Healthcare in the country has been plagued by several factors, among them poor political will or the lack of commitment to effective healthcare delivery by the government. Other shortcomings of the sector include dependence on international donor agencies, poor management of resources, corruption, misappropriation of allocated funds and even gross under-funding. At the state level, governments fail to release funds allocated to healthcare, in spite of funds made available from the federal government. Over the years, several state governments had come up with community or rural health insurance schemes, to ensure that Nigerians in rural communities contribute a certain amount of money per household to spread the health risk among the member communities. The idea failed due to the lack of commitment by the government, and perhaps, doubts on the part of the people. It is in this context that the current tax could be considered a masterstroke.

However, for the scheme to succeed, the government must learn a lot of lessons from the shortcomings of the current health insurance scheme, which is grossly ineffective.
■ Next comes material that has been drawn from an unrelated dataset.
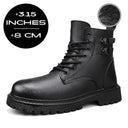 Black With Fur (3.15" / 8 cm)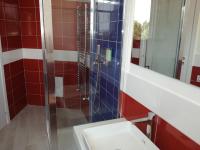 Kúpeľňa v ubytovaní B&B Villa Napoli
If not carefully handled, the Vulnerable Group Fund would create another institution or bureaucracy in the health sector, making funds available to few persons for self-aggrandisement. That will be very unfortunate. Health indicators in Nigeria, according to the World Health Organisation (WHO), are very poor. For instance, neonatal mortality is put at 24.7 of every 1000 live births; the under-5 mortality rate (number of newborn babies who die before they reach age 5) is put at 104 per 1000 live births; the maternal mortality rate is 804 for every 100,000 live births; and most women give birth without being attended to by skilled health professionals. These are totally different from inadequate medical personnel and equipment, which cause deaths from common ailments like malaria. We still lack specialised medical personnel for deadly but rampant ailments like cancer, stroke, HIV/AIDS and cardiovascular diseases. If this new tax is applied with transparency and accountability, these indicators will be wiped out. We support the new tax regime, but we warn that it must not be turned into another channel for corruption. Government should seek the help of experts to guide it through the process. A monitoring mechanism must be set up to ensure checks and balances. This is indeed a new dawn for health care and the opportunity for healthcare for Nigerians, especially the masses must not be lost. Therefore, all hands must be on deck to make this work.